Beispiele — von Kain und Abel über Apartheid, Bordell, Abtreibungsklinik, KZ-Aufseher bis zur Empfängnisregelung — in einem Atemzug zur Untermauerung der Argumentationslinie zu nennen, ist schlichtweg oberflächlich und als verbaler Untergriff zu bewerten. Von einem Moraltheologen und Bischof samtkandidaten würde ich eigentlich differenzierteres Denken erwarten.

Dipl.-Ing. Matthias Schmied 4802 Ebensee, Rindbachstr. 56

„Zeitgespräch“

Mit großer Verwunderung habe ich den Beitrag von Weihbischof Krätzl (FURCHE 48/1988) gelesen. Excellenz ist über die Bildung dreier Gruppen, welche die Treue zu Papst und Kirche als oberste Leitlinie ansehen, offensichtlich beunruhigt. Wie soll ich das verstehen? Ist dem Herrn Weihbischof dies kein Anliegen?

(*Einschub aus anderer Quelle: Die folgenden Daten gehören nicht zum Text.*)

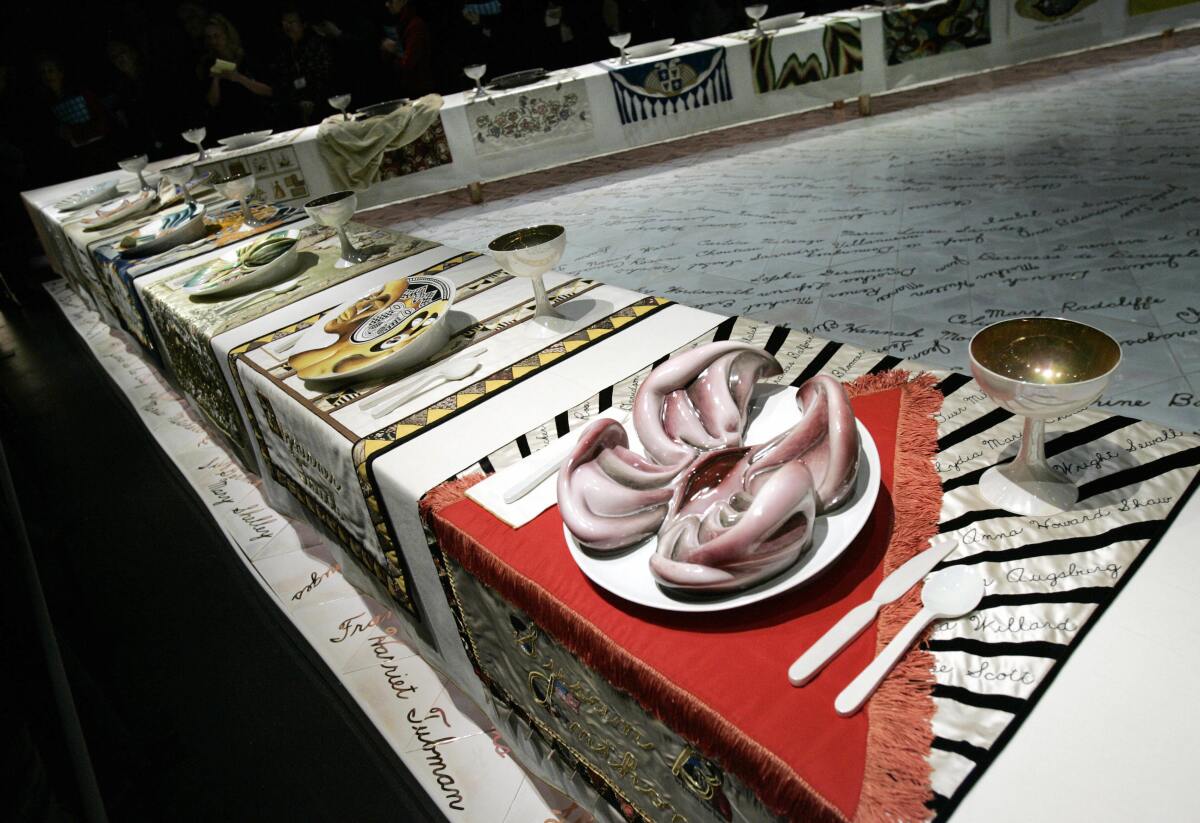 Detail of "The Dinner Party" (1979) by American artist Judy Chicago.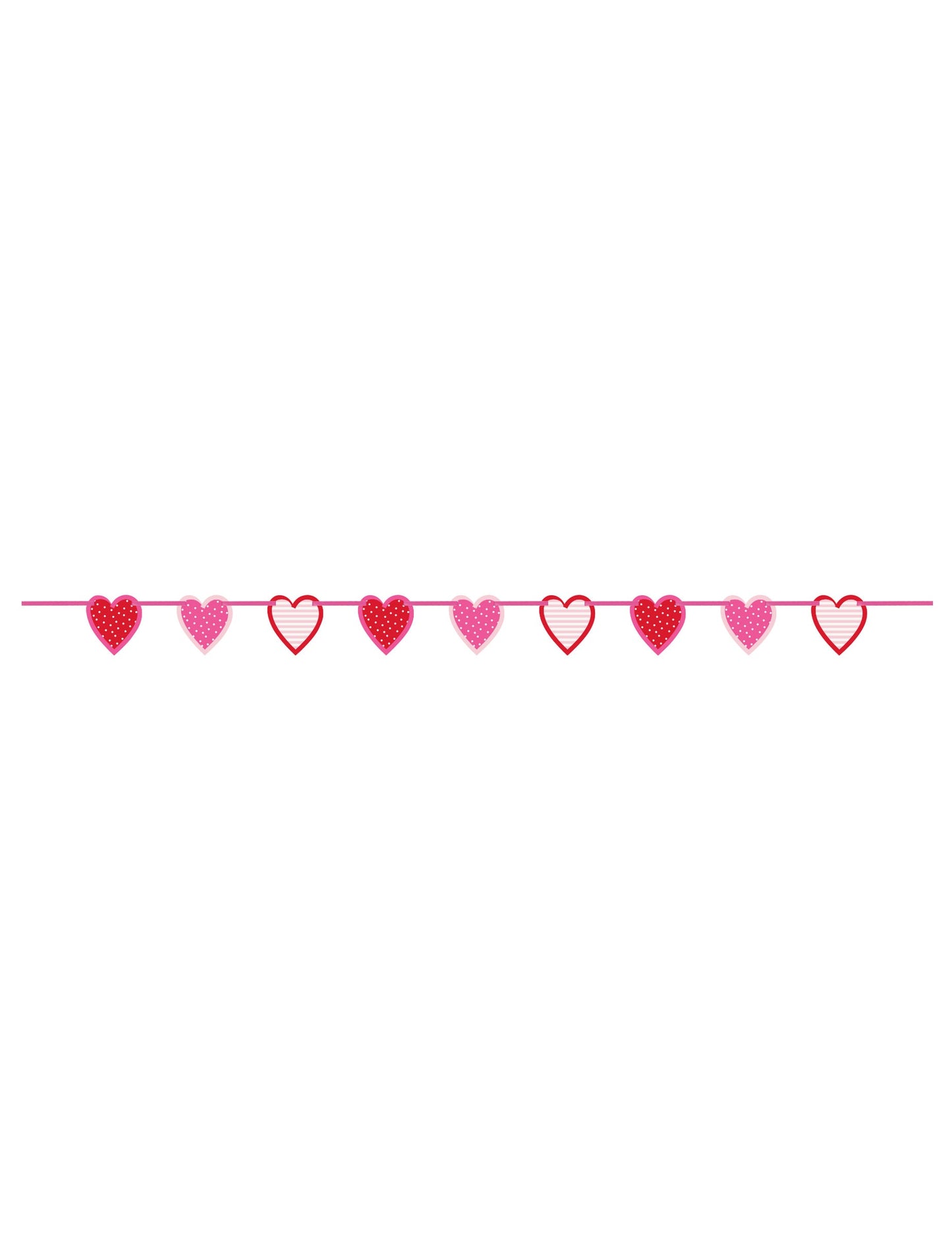 Vue d'ensemble de la guirlande coeurs à motifs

Wenn jemand glaubt, Kardinal König und Erzbischof Berg verteidigen zu müssen, dann ist es wohl genau so legitim, sich schützend vor unseren Erzbischof Kardinal Groer und Weihbischof Krenn zu stellen.

Und vielleicht ein Letztes: Es war sicher keiner aus diesen drei neuen Vereinigungen, die sich in so häßlicher, liebloser Weise zu den letzten Bischofsernennungen geäußert haben. Hier, Herr Weihbischof, habe ich schmerzlich vermißt, daß sie sich vor die offen und grob Angegriffenen gestellt hätten!

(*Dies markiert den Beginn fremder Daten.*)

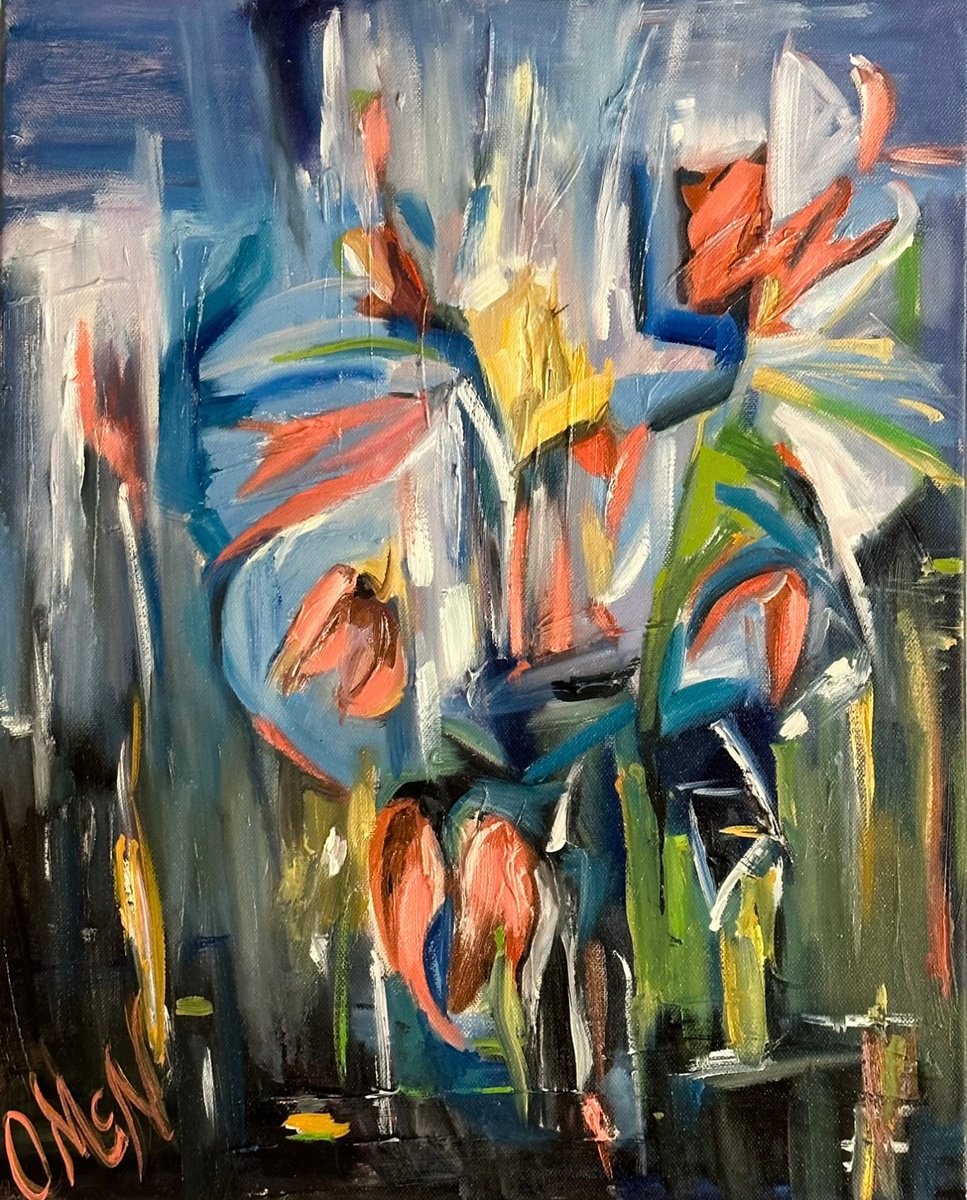 Abstract Oil Painting By Olga Mcnamara Biennaleartist, 16 X 20", Masters Of Our Own Fate, Original Artwork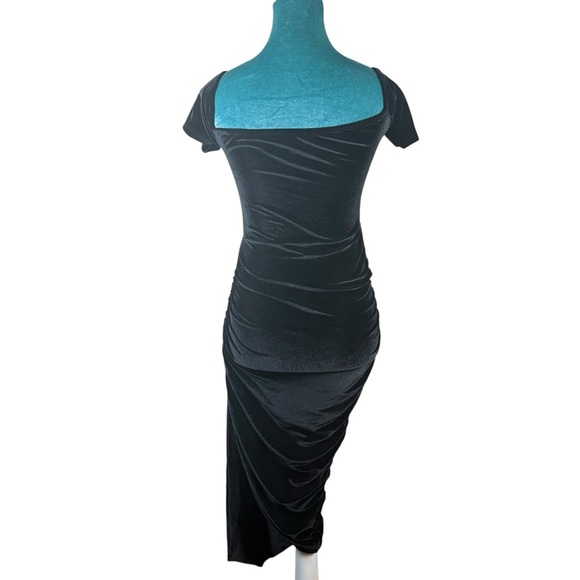 PrettyLittleThing Black Ruched Cocktail Asymmetrical Bodycon Dress | Size 4 - Picture 4 of 10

Andrea Kudera 3580 Horn, Am Mittersteig 7

Ich lese die Stellungnahmen von Weihbischof Dr. Helmut Krätzl zu aktuellen Fragen immer mit großem Interesse. Aus ihnen spricht ein mutiger und weiser Mann der Kirche. Es wäre zu wünschen, daß auch höheren-orts Bischöfe mit einem solchen Verantwortungsbewußtsein entsprechend positiv eingeschätzt würden.

Kurt Hofmann 3812 Großsiegharts, Hamerlingstr. 28

Kluft wird tiefer

Was wollen diese angeblich so sehr um die Kirche besorgten Neugründungen „Treue zur Kirche“, „Pro occidente“, „Linzer Priesterkreis“? Letzterer gibt an, die Aussagen des Zweiten Vaticanums, die Neuevangelisierung — alles Anliegen des Papstes und jedes aktiven Katholiken - verwirklichen und „kein Element der Polarisierung“ sein zu wollen. Tatsächlich scheint es aber, daß die bereits bestehende Kluft in der Kirche durch solche Kreise, die jeden Dialog mit Menschen anderer Meinung ablehnen und jede, auch die leiseste Kritik an der Kirche und an kirchlichen Persönlichkeiten (auch ich lehne lieblose Kritik ab) verteufeln, noch vertiefen.

Wenn man 36 Jahre hauptberuflich im Dienst der Kirche als Pastoralassistentin tätig war, liebt man die Kirche und nimmt an allem, was in ihr vorgeht, Anteil. So berühren einen die derzeit in der Kirche geführten Auseinandersetzungen und Angriffe, die meist den Geist christlicher Liebe vermissen lassen, schmerzlich.